▶ **INFORMATION SHOWN**
—————
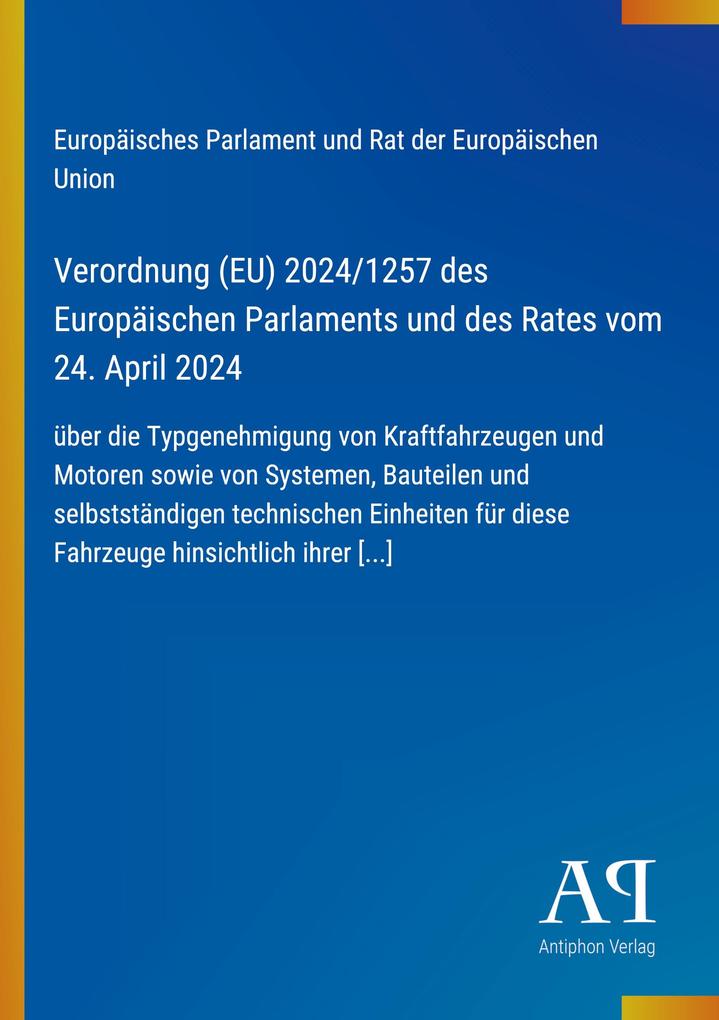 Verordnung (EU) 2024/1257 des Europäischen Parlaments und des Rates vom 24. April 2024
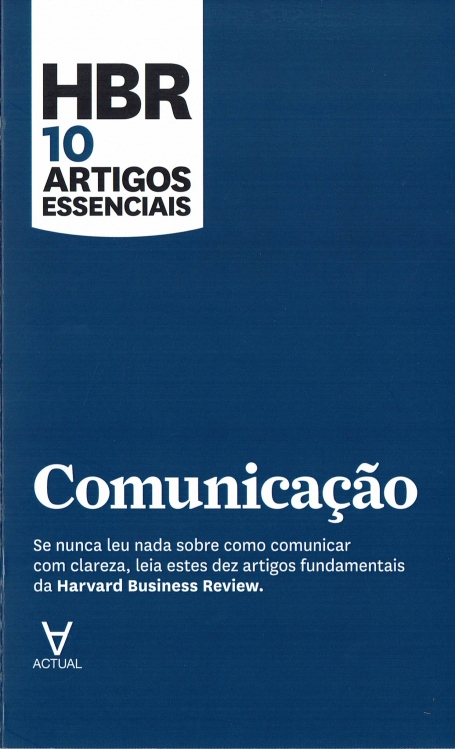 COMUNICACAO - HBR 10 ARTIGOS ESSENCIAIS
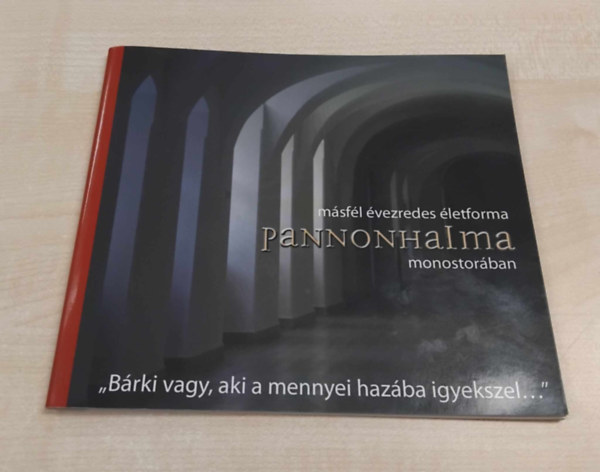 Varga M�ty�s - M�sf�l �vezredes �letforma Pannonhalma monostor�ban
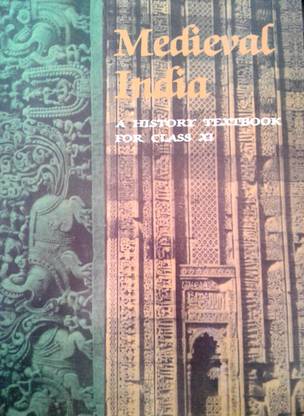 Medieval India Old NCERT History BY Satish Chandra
—————
▶ **PROBLEM REQUIREMENTS**
In your reply, every line of the material should appear exactly as written, and no picture should.

▶ **SOLUTION TO THIS PROBLEM**
 Verordnung (EU) 2024/1257 des Europäischen Parlaments und des Rates vom 24. April 2024
 COMUNICACAO - HBR 10 ARTIGOS ESSENCIAIS
 Varga M�ty�s - M�sf�l �vezredes �letforma Pannonhalma monostor�ban
 Medieval India Old NCERT History BY Satish Chandra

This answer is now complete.